# Supplied records
-- Opening Marker --
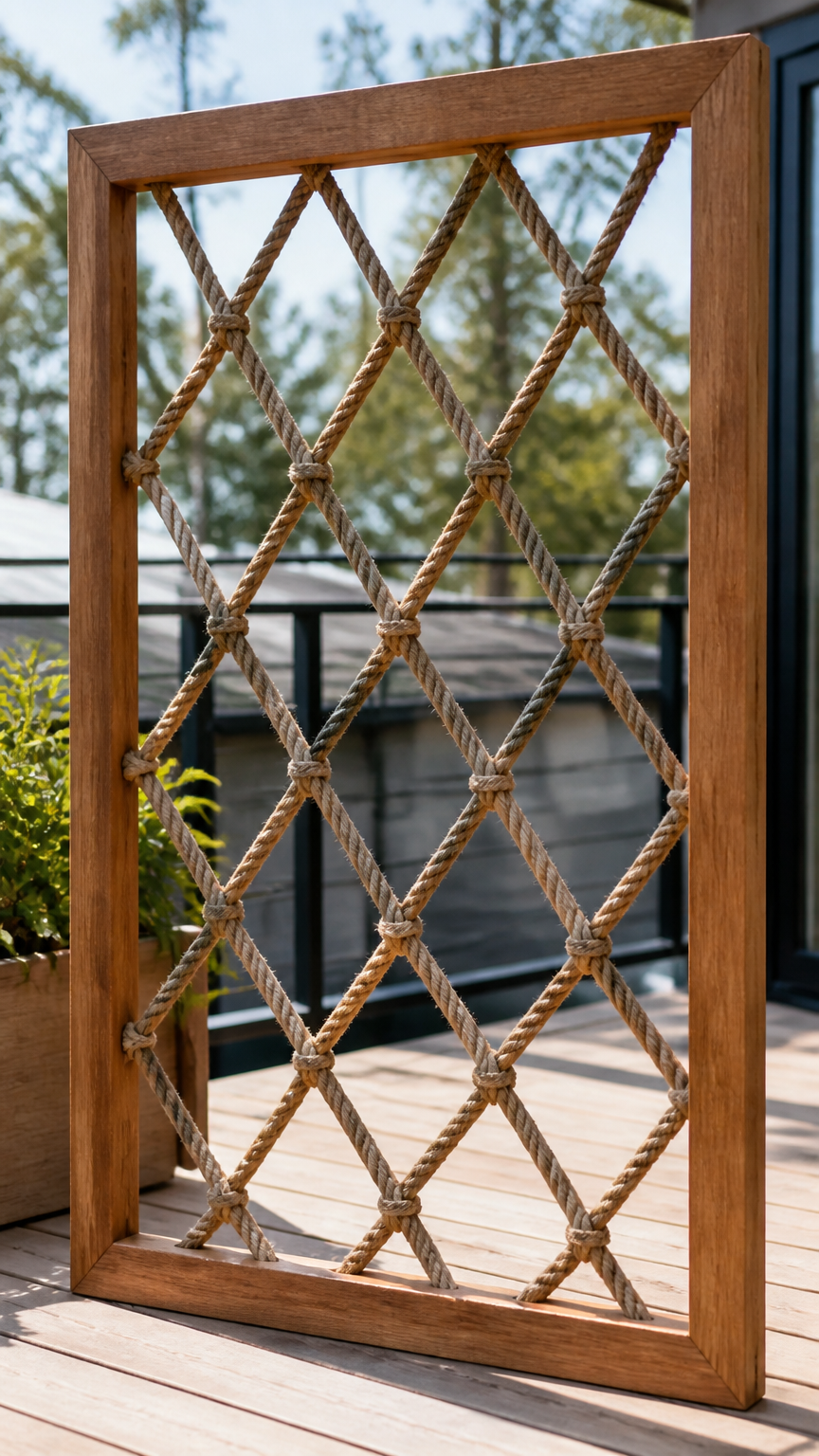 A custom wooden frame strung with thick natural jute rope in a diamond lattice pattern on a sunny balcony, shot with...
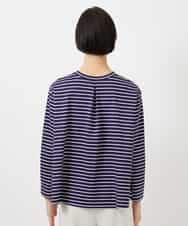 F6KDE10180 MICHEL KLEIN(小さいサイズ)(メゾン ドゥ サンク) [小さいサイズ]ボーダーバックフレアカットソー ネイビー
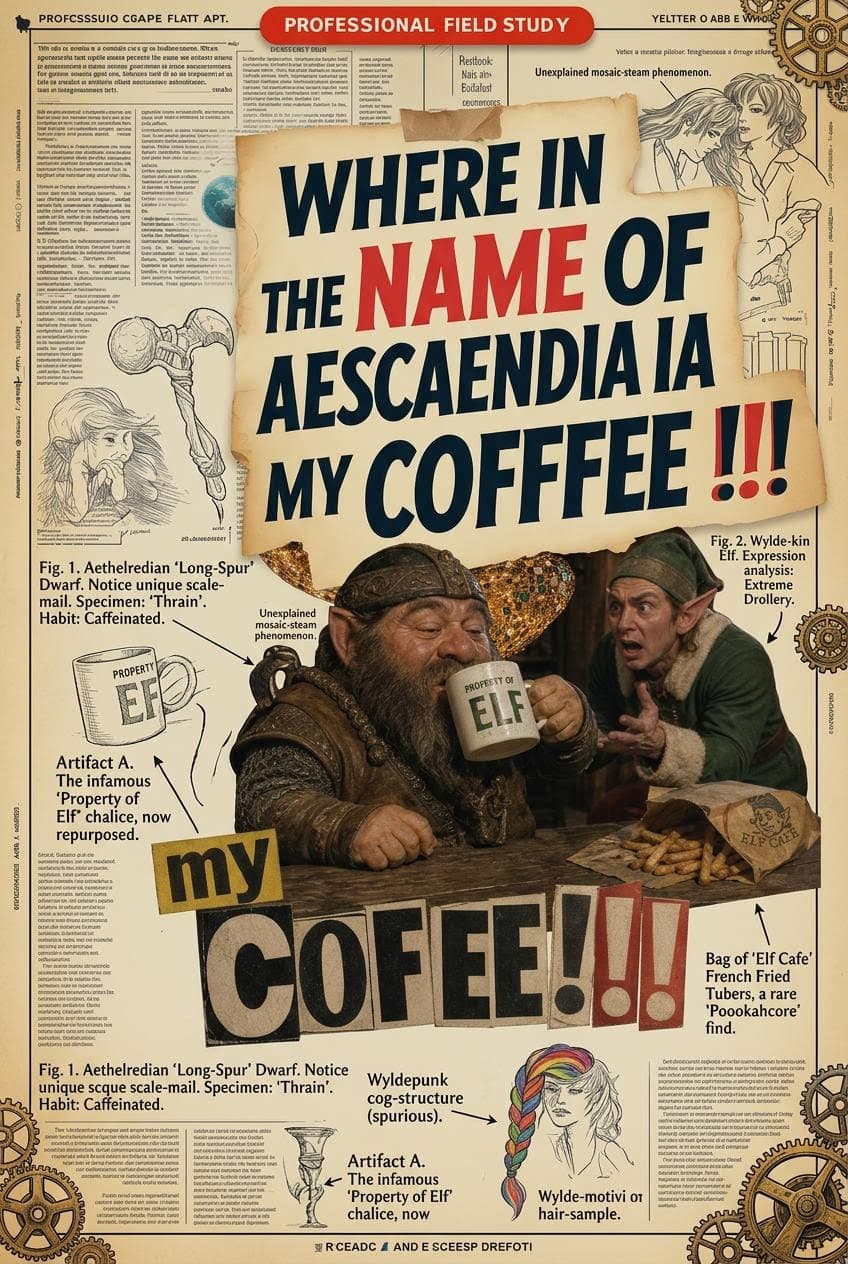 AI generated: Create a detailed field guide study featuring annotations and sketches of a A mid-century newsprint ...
-- Closing Marker --
-- Opening Marker --
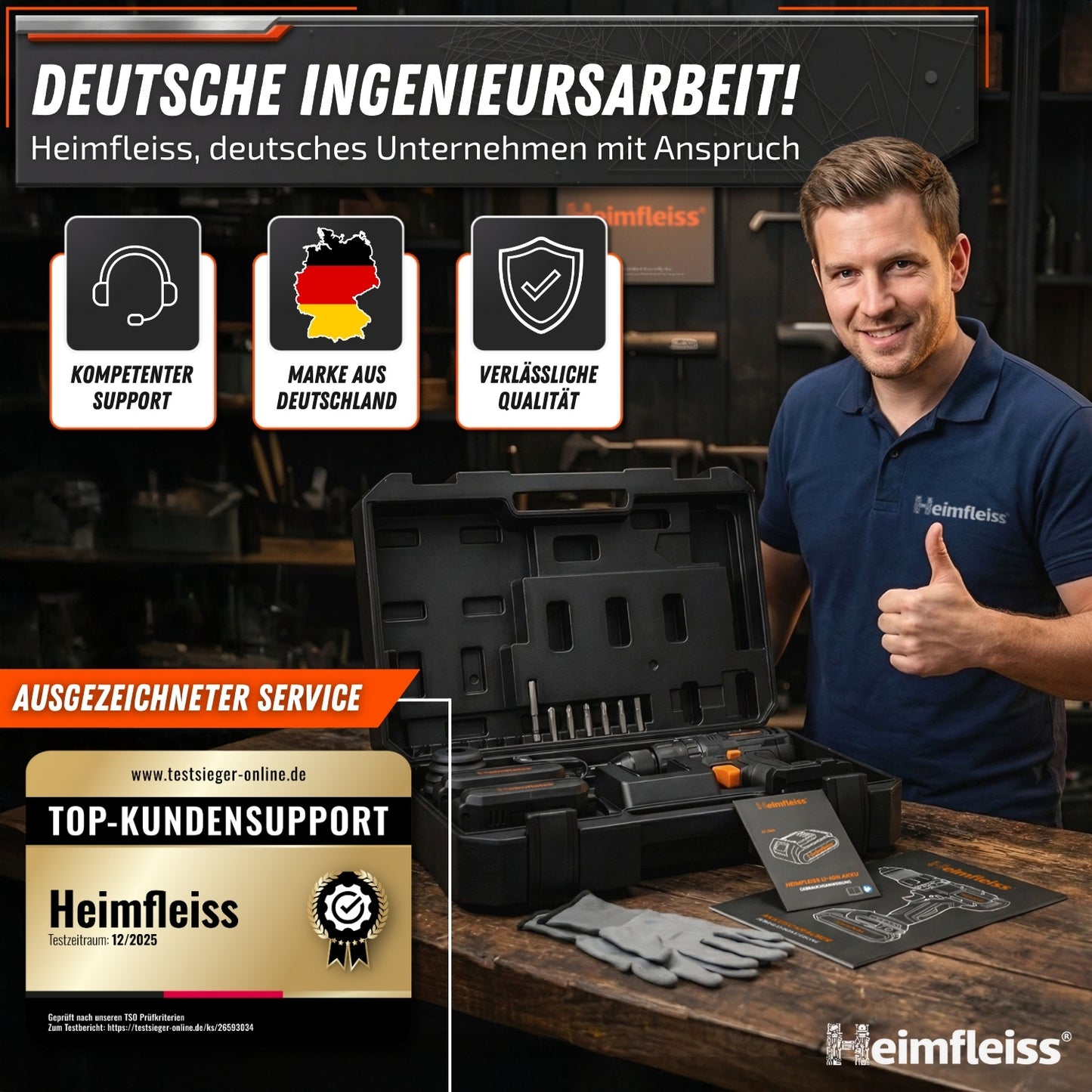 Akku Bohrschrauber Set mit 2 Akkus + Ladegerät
-- Closing Marker --
Exactly as written above, retype the lines starting at the one holding "A custom wooden" and ending at the one holding "AI generated: Create", both included, but not the pictures.

# Task answer
 A custom wooden frame strung with thick natural jute rope in a diamond lattice pattern on a sunny balcony, shot with...
 F6KDE10180 MICHEL KLEIN(小さいサイズ)(メゾン ドゥ サンク) [小さいサイズ]ボーダーバックフレアカットソー ネイビー
 AI generated: Create a detailed field guide study featuring annotations and sketches of a A mid-century newsprint ...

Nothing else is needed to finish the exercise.